If and when an announcement does come, it is more likely to be a deferral than a complete abandonment. This will partly be for face-saving reasons, but primarily because GCC MU has been such a long-standing ambition, first mentioned in 1982 and more recently recommitted to in the New Economic Agreement of 2001.

Turning to the question of whether a delay matters, in many respects the short-term answer is no. A postponement will not harm current levels of economic growth and neither will it deter capital retention. In addition, many analysts argue that a GCC MU would only have marginal utility, because a) intra-regional exchange rates are already reasonably stable, and b) intra-regional trade is seen to be limited. Thus, participating economies would only see small gains from two key MU advantages: the elimination of exchange rate risk and the reduction of transaction costs.

Nevertheless, even if the potential trade benefits arising from a GCC MU are initially small, they should not be discounted. If hydrocarbons are factored out, intra-GCC trade is not as insignificant as often assumed – it stands at around a fifth of the total. In addition, trade gains resulting from currency unions are often considered “endogenous” – trade will increase as a result of the union, regardless of its level prior to the union.
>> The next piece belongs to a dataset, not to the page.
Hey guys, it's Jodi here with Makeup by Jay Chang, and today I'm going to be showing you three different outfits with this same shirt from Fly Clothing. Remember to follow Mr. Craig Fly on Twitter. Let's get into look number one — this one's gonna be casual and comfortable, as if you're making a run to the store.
In addition to the direct (as a consequence of MU) benefits there are a range of indirect (as a result of the necessary preparations and policy reforms in the lead-up to MU) benefits, and it is these that will be bring the most advantages to the GCC.
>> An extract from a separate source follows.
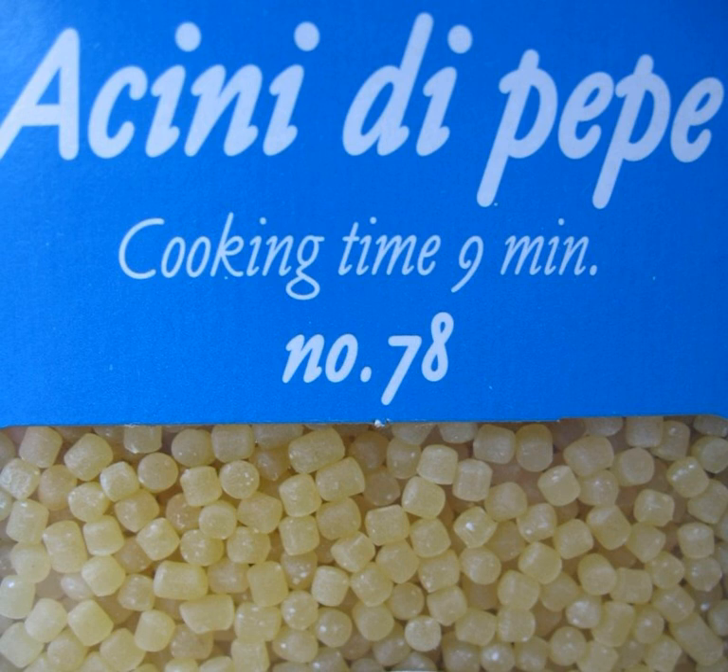Acini di pepe are a form of pasta. The name is Italian for 'seeds of pepper'. Acini is the plural of acino, whose root is the Latin word 'acinus'. In both Latin and Italian, the word means 'grape' or 'grape stones'. The seeds of the grape — acini di pepe — then translates into 'seeds of a pepper'. They were and are known as a symbol of fertility, which is why they are used in Italian wedding soup.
Indirect benefits will arise from the creation of a GCC common market, establishing a pan-GCC economic data-gathering institution, tasked with collating and standardising national statistics in order to measure monetary and fiscal convergence, and the implicit need for budget transparency and accountability. Many of these institutional and policy reforms necessary in the lead-up to MU, or the process of preparing for it, are likely to enhance business sector confidence, encourage greater levels of intra-state investment, deepen financial markets and encourage more FDI. These outcomes would all be beneficial for the GCC’s economic diversification endeavours.

Not seeking to downplay the prudent investment and diversification measures all states are making with their current oil windfall revenues, private sector job creation remains one of the biggest challenges facing the region. In order to defuse the “unemployment time-bomb”, hundreds of thousands of non-oil dependent private employment opportunities will need to be created during the next decade.

Therefore any policy including MU that is seen to aid and abet private sector confidence and growth should be seriously entertained. Of course a GCC common market and statistical agency could exist without there ever being a “Gulf dinar” in circulation. But if the intention to form a single currency acts as a catalyst, a carrot on a stick if you will, why not use it?

Comment: A bubbling pot

– Andrew Shouler, Deputy Managing Editor

For governments of the region struggling with declining currencies and domestic inflation, there are decisions on the table. “Given the UAE’s rapid and sustained economic growth, nominal appreciation of the dirham is required to allow the real exchange rate to move towards equilibrium value,” says Syed Basher, a regional economist. Simply, that means revaluation. The arguments about the dollar peg have been simmering for some time, given that exchange and interest rates seem too low for the region’s hothouse conditions. In an HSBC survey issued last week, 39 per cent of regional executives were reported as saying that removing the dollar peg would have a beneficial effect, compared with 18 per cent saying the opposite. A Gulf News poll last week produced results suggesting that 62 per cent of residents want a GCC single currency.

Of course, that doesn’t necessarily mean the issue is coming to the boil. Saudi Arabia this week tightened banks’ reserve requirements while cutting official interest rates in line with the Fed. It was a demonstration of a monetary dilemma which, obscure as it might seem, impacts all those working in this region. But we all know what they say about those who can’t stand the heat.